Data records.
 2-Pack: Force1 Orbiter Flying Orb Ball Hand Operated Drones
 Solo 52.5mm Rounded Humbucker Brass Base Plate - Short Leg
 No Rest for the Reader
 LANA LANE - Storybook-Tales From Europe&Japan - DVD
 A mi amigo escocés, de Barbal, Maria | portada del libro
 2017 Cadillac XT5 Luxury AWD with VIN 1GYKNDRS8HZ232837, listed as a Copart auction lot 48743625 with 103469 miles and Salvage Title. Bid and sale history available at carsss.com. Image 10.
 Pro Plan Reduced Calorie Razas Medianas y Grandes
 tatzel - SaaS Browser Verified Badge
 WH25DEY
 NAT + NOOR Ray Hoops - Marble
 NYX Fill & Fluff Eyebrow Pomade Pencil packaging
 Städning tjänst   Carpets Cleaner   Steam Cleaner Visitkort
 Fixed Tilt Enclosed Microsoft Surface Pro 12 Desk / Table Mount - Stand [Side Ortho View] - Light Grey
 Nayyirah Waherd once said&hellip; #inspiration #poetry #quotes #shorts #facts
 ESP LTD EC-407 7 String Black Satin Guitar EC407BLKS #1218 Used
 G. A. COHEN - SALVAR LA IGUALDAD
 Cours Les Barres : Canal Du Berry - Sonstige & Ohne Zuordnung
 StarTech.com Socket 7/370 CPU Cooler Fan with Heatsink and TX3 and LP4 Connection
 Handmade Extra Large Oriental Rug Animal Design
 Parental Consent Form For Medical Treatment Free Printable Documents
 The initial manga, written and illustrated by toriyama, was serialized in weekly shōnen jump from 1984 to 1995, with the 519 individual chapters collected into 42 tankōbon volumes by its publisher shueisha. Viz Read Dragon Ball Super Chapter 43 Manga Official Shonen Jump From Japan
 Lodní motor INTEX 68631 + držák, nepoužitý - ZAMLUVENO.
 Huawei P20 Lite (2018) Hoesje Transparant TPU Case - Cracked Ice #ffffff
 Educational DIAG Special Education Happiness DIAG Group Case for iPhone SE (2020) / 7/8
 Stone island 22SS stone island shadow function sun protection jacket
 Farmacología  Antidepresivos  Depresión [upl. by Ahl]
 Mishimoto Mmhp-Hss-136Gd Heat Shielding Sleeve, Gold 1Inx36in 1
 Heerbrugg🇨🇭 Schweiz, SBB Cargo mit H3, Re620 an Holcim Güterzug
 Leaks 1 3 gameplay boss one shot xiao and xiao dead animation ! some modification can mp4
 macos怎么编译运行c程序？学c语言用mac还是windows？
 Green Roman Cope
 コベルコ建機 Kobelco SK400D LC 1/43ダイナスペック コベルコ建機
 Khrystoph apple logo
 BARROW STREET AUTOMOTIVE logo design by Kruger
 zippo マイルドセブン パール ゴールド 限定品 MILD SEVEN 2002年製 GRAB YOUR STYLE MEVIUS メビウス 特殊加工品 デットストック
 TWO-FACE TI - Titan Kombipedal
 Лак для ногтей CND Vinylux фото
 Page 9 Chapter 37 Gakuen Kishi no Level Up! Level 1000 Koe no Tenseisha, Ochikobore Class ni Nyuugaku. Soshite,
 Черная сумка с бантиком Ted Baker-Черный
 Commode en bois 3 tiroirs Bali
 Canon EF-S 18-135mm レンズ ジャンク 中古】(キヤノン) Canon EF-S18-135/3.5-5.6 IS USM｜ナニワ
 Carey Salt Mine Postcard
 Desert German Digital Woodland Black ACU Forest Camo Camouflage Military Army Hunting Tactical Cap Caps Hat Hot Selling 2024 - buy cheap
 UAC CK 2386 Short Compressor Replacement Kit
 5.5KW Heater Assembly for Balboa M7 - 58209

Aim of the exercise. Output should match, line for line, the stretch of the material above from the line holding "Stone island 22SS" through the line holding "BARROW STREET AUTOMOTIVE".

Answer to this problem.
 Stone island 22SS stone island shadow function sun protection jacket
 Farmacología  Antidepresivos  Depresión [upl. by Ahl]
 Mishimoto Mmhp-Hss-136Gd Heat Shielding Sleeve, Gold 1Inx36in 1
 Heerbrugg🇨🇭 Schweiz, SBB Cargo mit H3, Re620 an Holcim Güterzug
 Leaks 1 3 gameplay boss one shot xiao and xiao dead animation ! some modification can mp4
 macos怎么编译运行c程序？学c语言用mac还是windows？
 Green Roman Cope
 コベルコ建機 Kobelco SK400D LC 1/43ダイナスペック コベルコ建機
 Khrystoph apple logo
 BARROW STREET AUTOMOTIVE logo design by Kruger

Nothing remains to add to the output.